Sini ha fatto sua l’intuizione di Pierce del foglio-mondo. Cos’è? Pierce parlava di sequenza, procedimento, frase come visione del mondo. E Sini traduce: in ogni gesto sta il mondo. Si contesta la visione lineare, alfabetica. Bisogna riorientarsi e dar corpo, spessore, pathos, relazione. Ogni segno illumina e si illumina. Il foglio diventa mondo, partitura da rivivere, evento che fa rinascere. E’ vortice e non binario obbligato, si torce e fa apparire, si smorza e riprende con altro.

E’ nata così l’esperienza Mechrì. E’ uno spazio in casa Sini dove il pensiero è messo alla prova. Si mettono a confronto diverse pratiche conoscitive. Si scopre un sapere condiviso.  Il modello è il teatro dove l’azione si rappresentazione e memoria. Antonin Artaud che fece un viaggio nel Messico e non per piaceri esotici scriveva all’amico in una lettera “qui ci sono le condizioni per un vero dramma”, dramma non sulla scena ma per strada.
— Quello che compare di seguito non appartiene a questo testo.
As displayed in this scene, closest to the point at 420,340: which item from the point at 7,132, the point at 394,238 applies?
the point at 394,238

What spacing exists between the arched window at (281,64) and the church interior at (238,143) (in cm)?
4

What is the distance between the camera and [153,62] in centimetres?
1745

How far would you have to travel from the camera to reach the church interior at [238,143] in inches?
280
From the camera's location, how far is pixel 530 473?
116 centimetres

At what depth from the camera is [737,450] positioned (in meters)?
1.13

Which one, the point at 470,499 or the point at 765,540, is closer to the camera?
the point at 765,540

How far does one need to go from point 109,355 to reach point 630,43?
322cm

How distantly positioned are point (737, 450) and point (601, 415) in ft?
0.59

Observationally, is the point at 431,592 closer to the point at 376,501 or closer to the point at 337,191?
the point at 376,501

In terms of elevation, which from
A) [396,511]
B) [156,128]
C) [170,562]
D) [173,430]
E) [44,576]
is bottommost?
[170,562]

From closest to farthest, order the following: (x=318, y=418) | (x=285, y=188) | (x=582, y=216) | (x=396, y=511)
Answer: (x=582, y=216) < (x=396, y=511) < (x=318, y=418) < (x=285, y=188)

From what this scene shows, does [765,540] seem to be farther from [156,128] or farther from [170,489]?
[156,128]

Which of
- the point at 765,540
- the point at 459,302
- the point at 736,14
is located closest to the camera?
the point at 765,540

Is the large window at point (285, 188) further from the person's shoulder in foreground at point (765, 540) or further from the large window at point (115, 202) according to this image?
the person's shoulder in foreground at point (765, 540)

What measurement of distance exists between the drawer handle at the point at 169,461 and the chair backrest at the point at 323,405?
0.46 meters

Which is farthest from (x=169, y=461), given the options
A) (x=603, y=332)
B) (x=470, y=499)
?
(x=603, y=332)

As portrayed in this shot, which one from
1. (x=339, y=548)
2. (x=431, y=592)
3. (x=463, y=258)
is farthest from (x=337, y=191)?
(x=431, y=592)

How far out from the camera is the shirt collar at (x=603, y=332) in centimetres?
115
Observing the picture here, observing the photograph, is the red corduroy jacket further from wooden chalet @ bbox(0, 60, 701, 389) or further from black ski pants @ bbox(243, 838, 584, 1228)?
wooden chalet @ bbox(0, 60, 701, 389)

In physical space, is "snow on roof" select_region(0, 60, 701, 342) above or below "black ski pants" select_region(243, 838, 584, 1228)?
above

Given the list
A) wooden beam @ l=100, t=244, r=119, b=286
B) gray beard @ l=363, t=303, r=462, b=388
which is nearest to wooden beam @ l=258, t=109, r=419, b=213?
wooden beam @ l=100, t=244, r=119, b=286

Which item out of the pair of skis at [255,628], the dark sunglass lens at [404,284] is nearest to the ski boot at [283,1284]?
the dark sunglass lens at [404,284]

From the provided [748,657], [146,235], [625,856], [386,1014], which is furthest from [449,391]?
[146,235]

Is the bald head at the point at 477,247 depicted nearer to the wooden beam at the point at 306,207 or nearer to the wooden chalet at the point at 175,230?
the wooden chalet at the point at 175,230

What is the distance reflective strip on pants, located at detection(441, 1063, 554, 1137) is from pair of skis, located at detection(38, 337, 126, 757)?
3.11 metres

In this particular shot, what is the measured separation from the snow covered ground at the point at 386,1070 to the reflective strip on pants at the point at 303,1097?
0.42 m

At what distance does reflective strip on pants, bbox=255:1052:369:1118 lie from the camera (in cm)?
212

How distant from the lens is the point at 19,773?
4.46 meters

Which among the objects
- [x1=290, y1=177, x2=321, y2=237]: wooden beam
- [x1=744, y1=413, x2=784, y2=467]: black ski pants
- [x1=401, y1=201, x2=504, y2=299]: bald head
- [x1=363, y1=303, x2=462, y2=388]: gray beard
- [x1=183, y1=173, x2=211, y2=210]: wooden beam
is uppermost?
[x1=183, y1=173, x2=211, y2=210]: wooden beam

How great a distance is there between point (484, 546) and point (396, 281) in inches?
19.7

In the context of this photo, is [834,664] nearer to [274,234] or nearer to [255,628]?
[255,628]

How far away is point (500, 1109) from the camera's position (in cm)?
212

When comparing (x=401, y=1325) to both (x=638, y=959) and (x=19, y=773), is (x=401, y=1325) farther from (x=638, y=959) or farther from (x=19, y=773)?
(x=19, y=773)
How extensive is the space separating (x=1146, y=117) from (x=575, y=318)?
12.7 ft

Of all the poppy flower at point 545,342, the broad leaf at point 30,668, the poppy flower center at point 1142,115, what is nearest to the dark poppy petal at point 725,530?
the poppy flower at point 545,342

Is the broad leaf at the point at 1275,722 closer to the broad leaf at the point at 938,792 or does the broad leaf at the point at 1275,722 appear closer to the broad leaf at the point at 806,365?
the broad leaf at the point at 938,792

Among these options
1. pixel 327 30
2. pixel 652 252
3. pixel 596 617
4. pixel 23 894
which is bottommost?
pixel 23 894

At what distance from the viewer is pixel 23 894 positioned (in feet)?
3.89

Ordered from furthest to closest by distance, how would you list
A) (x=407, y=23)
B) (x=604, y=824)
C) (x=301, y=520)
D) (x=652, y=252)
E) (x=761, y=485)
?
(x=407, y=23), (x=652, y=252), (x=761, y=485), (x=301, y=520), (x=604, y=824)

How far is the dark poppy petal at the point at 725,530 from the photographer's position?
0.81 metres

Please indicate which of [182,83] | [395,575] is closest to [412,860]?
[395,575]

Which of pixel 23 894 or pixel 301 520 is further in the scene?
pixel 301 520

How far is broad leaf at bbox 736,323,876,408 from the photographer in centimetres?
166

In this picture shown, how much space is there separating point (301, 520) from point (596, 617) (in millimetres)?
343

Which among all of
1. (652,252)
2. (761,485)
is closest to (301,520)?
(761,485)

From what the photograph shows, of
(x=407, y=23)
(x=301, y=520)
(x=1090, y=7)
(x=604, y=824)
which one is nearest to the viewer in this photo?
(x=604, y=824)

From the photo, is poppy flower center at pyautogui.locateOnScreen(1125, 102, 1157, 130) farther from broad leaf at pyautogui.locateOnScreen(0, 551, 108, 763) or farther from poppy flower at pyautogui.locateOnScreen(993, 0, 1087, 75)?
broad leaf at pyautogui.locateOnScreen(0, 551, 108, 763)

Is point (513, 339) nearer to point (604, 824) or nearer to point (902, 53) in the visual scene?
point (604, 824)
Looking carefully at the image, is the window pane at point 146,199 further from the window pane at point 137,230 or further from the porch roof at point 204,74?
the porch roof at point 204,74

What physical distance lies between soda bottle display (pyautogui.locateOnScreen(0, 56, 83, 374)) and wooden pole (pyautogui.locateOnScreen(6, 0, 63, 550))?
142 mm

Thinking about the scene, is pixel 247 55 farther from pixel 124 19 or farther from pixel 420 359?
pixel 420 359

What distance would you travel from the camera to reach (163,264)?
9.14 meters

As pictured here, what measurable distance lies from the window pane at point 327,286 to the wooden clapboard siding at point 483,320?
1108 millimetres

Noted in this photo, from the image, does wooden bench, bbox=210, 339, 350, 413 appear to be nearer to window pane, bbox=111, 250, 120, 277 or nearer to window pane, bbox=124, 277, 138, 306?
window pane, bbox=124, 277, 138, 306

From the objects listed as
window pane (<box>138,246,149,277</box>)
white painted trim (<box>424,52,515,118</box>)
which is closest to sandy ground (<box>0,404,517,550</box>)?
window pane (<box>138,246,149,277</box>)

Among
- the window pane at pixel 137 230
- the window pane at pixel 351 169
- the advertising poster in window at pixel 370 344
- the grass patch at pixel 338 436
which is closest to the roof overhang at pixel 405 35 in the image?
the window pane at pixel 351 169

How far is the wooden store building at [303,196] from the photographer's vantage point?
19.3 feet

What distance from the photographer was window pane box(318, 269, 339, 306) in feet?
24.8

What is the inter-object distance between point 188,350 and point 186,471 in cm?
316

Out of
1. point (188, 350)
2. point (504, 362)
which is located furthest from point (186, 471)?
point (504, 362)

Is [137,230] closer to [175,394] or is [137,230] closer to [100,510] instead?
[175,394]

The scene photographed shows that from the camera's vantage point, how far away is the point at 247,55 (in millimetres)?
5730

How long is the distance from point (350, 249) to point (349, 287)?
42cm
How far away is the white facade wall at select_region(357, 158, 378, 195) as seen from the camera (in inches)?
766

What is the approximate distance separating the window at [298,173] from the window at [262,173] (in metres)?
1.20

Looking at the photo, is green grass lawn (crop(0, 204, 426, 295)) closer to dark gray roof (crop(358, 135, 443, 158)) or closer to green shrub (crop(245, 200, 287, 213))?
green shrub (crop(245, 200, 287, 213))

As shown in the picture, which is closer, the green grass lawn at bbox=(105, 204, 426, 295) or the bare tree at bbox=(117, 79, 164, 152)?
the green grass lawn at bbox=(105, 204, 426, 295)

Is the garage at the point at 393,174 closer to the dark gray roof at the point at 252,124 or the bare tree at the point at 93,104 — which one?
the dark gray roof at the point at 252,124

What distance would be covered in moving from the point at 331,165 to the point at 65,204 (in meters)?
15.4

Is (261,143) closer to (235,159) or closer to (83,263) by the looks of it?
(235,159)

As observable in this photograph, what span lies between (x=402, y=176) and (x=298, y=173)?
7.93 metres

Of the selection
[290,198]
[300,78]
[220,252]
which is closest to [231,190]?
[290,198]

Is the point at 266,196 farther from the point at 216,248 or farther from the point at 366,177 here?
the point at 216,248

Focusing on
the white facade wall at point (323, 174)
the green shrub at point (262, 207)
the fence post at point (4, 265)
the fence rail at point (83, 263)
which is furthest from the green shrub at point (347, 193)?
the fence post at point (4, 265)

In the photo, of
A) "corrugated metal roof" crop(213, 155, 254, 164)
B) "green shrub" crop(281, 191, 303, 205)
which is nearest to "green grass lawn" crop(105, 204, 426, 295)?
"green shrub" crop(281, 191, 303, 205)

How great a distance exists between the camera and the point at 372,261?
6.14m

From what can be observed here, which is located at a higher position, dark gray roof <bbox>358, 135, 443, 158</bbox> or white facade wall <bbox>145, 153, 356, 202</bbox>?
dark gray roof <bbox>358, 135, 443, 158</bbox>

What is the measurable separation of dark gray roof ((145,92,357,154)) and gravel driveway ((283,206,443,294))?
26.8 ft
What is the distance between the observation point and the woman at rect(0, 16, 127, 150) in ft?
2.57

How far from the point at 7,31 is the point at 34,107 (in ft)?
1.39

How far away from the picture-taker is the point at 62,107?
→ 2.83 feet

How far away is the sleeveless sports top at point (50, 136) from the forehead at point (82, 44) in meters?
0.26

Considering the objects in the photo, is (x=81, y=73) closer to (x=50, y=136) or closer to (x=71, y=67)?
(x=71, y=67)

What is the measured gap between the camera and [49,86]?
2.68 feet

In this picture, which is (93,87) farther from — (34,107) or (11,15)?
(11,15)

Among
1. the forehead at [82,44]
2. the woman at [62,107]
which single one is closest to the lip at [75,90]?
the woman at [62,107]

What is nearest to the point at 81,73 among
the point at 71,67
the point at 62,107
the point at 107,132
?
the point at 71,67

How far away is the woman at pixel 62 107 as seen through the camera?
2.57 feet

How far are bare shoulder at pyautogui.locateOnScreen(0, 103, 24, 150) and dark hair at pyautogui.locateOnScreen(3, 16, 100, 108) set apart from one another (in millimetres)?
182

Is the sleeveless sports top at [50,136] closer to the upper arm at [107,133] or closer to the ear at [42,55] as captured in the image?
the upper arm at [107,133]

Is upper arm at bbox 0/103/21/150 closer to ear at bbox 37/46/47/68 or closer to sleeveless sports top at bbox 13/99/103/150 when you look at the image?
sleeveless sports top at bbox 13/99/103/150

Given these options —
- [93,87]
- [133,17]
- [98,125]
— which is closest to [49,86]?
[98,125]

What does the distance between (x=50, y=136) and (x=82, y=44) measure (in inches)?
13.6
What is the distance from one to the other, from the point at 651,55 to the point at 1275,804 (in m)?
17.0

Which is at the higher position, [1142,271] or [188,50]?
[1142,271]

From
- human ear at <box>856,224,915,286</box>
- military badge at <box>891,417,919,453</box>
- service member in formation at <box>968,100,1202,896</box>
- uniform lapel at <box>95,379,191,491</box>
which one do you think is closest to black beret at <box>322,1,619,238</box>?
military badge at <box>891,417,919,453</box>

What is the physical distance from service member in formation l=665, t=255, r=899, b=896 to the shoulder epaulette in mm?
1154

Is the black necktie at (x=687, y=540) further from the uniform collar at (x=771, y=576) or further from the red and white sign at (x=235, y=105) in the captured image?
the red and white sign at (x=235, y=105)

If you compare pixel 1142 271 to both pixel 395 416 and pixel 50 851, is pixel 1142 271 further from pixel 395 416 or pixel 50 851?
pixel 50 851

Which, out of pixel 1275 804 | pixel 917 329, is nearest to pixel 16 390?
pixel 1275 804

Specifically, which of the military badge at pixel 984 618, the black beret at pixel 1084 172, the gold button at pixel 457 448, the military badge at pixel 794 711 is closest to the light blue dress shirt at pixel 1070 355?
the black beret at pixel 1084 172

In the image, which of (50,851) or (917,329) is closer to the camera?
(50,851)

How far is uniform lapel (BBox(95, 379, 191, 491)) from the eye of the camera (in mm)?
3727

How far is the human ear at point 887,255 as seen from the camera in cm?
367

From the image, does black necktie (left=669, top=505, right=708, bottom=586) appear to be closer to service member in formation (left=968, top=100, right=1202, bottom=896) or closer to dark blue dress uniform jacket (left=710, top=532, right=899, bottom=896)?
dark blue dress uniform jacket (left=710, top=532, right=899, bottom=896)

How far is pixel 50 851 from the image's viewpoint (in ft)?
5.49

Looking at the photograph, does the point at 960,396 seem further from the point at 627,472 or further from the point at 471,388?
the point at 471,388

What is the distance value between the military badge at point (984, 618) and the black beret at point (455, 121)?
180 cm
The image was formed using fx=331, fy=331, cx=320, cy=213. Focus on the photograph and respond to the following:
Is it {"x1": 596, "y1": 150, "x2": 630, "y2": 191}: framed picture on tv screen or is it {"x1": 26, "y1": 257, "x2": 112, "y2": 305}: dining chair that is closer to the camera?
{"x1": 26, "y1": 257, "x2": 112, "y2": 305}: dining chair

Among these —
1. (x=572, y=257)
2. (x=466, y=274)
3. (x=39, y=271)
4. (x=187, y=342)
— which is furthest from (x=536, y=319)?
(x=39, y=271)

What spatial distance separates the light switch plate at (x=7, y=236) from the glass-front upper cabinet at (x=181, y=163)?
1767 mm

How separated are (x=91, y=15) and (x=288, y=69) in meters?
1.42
Al teatro l’attore, nel pensiero di Grotowski, risuona nel suo corpo una voce lontana, giungono lingue ancestrali. In una lingua che noi non abbiamo inventato parlano esperienze primordiali, al di là di palchi, sipari, scene, costumi, allestimenti. Il corpo dell’attore diventa corpo tragico, e mette in contatto, si trasforma, mai si compie, dialoga e accoglie, rappresentando la vita e la morte che sono in gioco nella quotidianità della condizione umana. Gli eroi si incarnano, Telemaco e Ulisse, al mattino si va alla ricerca del padre, la sera si chiudono i conti, figure di salvezza o rovina, nella leggerezza e inconsapevolezza dell’istante. La vita si inquadra e riceve un ritmo, di battere e levare. Io voglio e chiedo, io e te, lancio la palla come Nausica e tu la rimandi, e il gioco continua, ognuno spinto dal bisogno e dal desiderio.

Sini ha raccontato della sua vocazione filosofica. Studente ordinario, senza lodi né infamie, con un padre che gli consiglia giurisprudenza giusto per assicurarsi un futuro. La madre scopre che qualcosa bolle in pentola ed è per il lasciar fare. Il professore del liceo fa da apripista. Viene qualche riconoscimento e l’occasione. Scorrono le immagini di vita quotidiana: il professore in casa, nello studio, a sfogliare libri, a scrivere o conversare, al pianoforte per la sua seconda passione sempre coltivata. La finestra si spalanca sulla città. Il sonoro riporta sibili, urla, voci di bimbi, rumori d’auto, sferragliare dei tram, abbaiare di cani, cinguettii, stormire di fronde, insieme a pause e silenzi. L’opera dei registi teatrali, che è stata presentata alla Mostra del cinema di Venezia, si iscrive in un percorso volto a focalizzare punti nodali del nostro tempo con l’aiuto di alcuni maestri del pensiero e dell’arte.